When Leif was in junior high school in Highland Park, Illinois, he was too young to have either a car or a driver's license, but too old for the Matchbox cars. That's when he discovered radio-controlled cars. He save his allowance and gift money to spend on them. The first kit he bought was made in China and in those days (about 1986) the "English" instructions were nearly unreadable. With his mechanical skills, he figured out how to put it together and soon had it racing up and down the street.

Of course, typical of Leif, he had to have a better one . . . and a better one. The top of the line in those days was the RC-10. It was expensive and it took him awhile to save up the money, but boy, was it fast and sleek! Not content with the "out of the box" version, he spent what seemed to be an endless amount of money on different gears, wheels, bodies, and then modified the body. You can see in this photo that he drilled numerous holes in the aluminum chassis to make it lighter and therefore faster.

The RC-10 proved to be his ticket to two outstanding science fair projects. First, in seventh grade, he designed and carried out an experiment on how different tire treads affected battery life and the length the car could go on a single charge. In 8th grade, he went all the way to the Illinois State Science Fair with his intricate and excellent experiment on how different gear ratios affected speed and distance. Perhaps in the next couple of days I'll post photos of him with his science fair displays.

The obsession with radio-controlled cars had an added benefit. Leif had always maintained he didn't like to read, and getting him to read school assignments and books for book reports usually was an unpleasant chore. However, he loved reading about model cars, sports cars and radio-controlled cars and subscribed to several magazines about them, which he read avidly.

Actually, it wasn't that Leif didn't like to read, just that he didn't like the kind of reading he was required to do. Hand him the "right" book, like Orson Scott Card's Ender series, beginning with Ender's Game, and he couldn't put it down.
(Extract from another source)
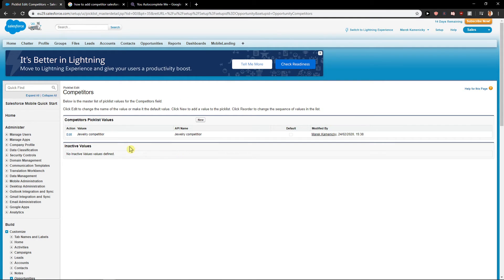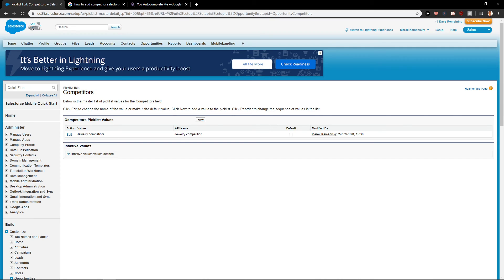So this is how we can add competitors in Salesforce. Really easy way. Thank you, have a great day and see ya. Goodbye.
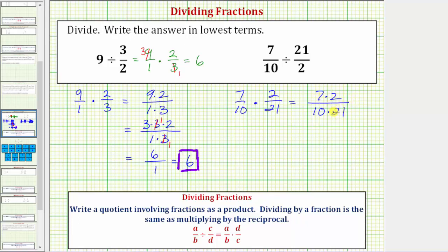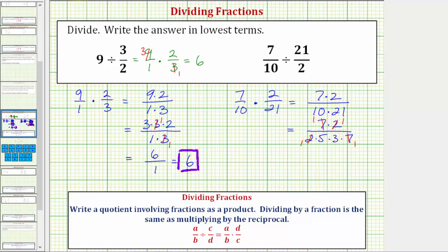Seven and twenty-one share a common factor of seven, and two and ten share a common factor of two. Looking at the prime factorization: seven and two are both prime; the prime factorization of ten is two times five, and the prime factorization of twenty-one is three times seven. Now we can see the common factor of seven as well as the common factor of two. Two over two simplifies to one over one, and seven over seven simplifies to one over one. In the numerator we have one times one, which equals one. The denominator is one times five times three times one, which equals fifteen. So the product, which is the same as the quotient, equals one-fifteenth.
One amusing thing about his subscriptions was the other mail he got because of them. Evidently the profile for someone subscribing to Car and Driver magazine, for instance, must have been for a yuppy, or at least a young man with some cash, and of age. Leif got frequent credit card offers at the age of 13 or 14. We had no success in stopping the flood of them until one night he sat down and filled out one of the applications . . . truthfully, stating his occupation as "junior high school student," and his income as his meager allowance, etc. To bad we couldn't have seen the face of whoever opened it.

I don't know what happened to his RC-10. I think he had it at least until he went into the Army in 1998, maybe even after that.

Among his things when he died was a radio-controlled car. Still having fun. Now his nephew will enjoy playing with it.